『黒服物語』中島健人の人の引きつけ方(2/5) | Deview-デビュー
2014年11月20日

 2009年に公開された佐々木希の初主演映画『天使の恋』は印象深い。当時21歳にして女子高生の役。

余命少ない35歳の大学講師とのラブストーリーで、演技経験のなかった彼女は芝居以前に滑舌もおぼつかなかったが、そんなことはどうでもよく思えるほど、圧倒的な輝きに溢れていて。

 それから5年、数々のドラマや映画に出演してきたが、その美貌に演技力が追い付いてこない。一部の酷評は言い過ぎで、『TOKYOエアポート』のダジャレ好きな管制官役など、なかなか面白かったが。とはいえ、現在出演中の『黒服物語』のキャバ嬢役はどうも物足りない。演技が上手いかどうかでなく、存在感が薄いのだ。ヒロインのポジションなのに。

 佐々木が演じるのは、舞台となってるキャバクラのNo.1キャバ嬢・杏子。主人公で3浪決定の予備校生だった小川彰(中島健人)が酔いつぶれた夜の街で彼女に出会い、ひと目惚れ。そして、同じ店の黒服に。

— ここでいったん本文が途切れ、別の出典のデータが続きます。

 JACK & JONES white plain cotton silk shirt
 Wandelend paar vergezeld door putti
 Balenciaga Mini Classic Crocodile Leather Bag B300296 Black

 店では杏子の指名は引っ切りなし。なけなしの金で指名する客もやさしくもてなす。一方、医者の息子でお坊ちゃん育ちの彰には「あなたはこの世界の人間ではない。辞めなさい」と厳しく言ったりも。でも、そのすべてがどうにも表面的に見える。与えられたセリフを言ってるだけというか。

 たぶん杏子役に求められるのはNo.1の気高さとやさしさに、その裏の厳しさも併せ持った女性像。

文字にするといろいろだが、要はひと目でNo.1と分かるたたずまいだ。同じ原作者(倉科遼)のキャバクラもの『嬢王』シリーズでは、蒼井そらや原紗央莉が担ったポジションで、彼女たちにはそれがあった。

 佐々木希は美しさはとび切りきりなのに、印象は弱い。セクシー女優にあった存在感が、なぜトップタレントの彼女に欠けるのか? 単に胸の大きさの問題ではないだろう。